(Stored records)

######

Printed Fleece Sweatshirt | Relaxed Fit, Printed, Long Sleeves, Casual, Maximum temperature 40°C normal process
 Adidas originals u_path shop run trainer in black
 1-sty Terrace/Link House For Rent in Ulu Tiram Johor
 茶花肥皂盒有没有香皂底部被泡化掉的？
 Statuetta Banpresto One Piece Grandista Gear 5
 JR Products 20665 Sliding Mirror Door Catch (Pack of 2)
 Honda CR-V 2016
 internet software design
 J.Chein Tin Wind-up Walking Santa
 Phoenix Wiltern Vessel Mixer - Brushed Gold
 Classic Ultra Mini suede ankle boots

######

Copy out the entries. Leave every line exactly as it is.

**Finished exercise**.
Printed Fleece Sweatshirt | Relaxed Fit, Printed, Long Sleeves, Casual, Maximum temperature 40°C normal process
 Adidas originals u_path shop run trainer in black
 1-sty Terrace/Link House For Rent in Ulu Tiram Johor
 茶花肥皂盒有没有香皂底部被泡化掉的？
 Statuetta Banpresto One Piece Grandista Gear 5
 JR Products 20665 Sliding Mirror Door Catch (Pack of 2)
 Honda CR-V 2016
 internet software design
 J.Chein Tin Wind-up Walking Santa
 Phoenix Wiltern Vessel Mixer - Brushed Gold
 Classic Ultra Mini suede ankle boots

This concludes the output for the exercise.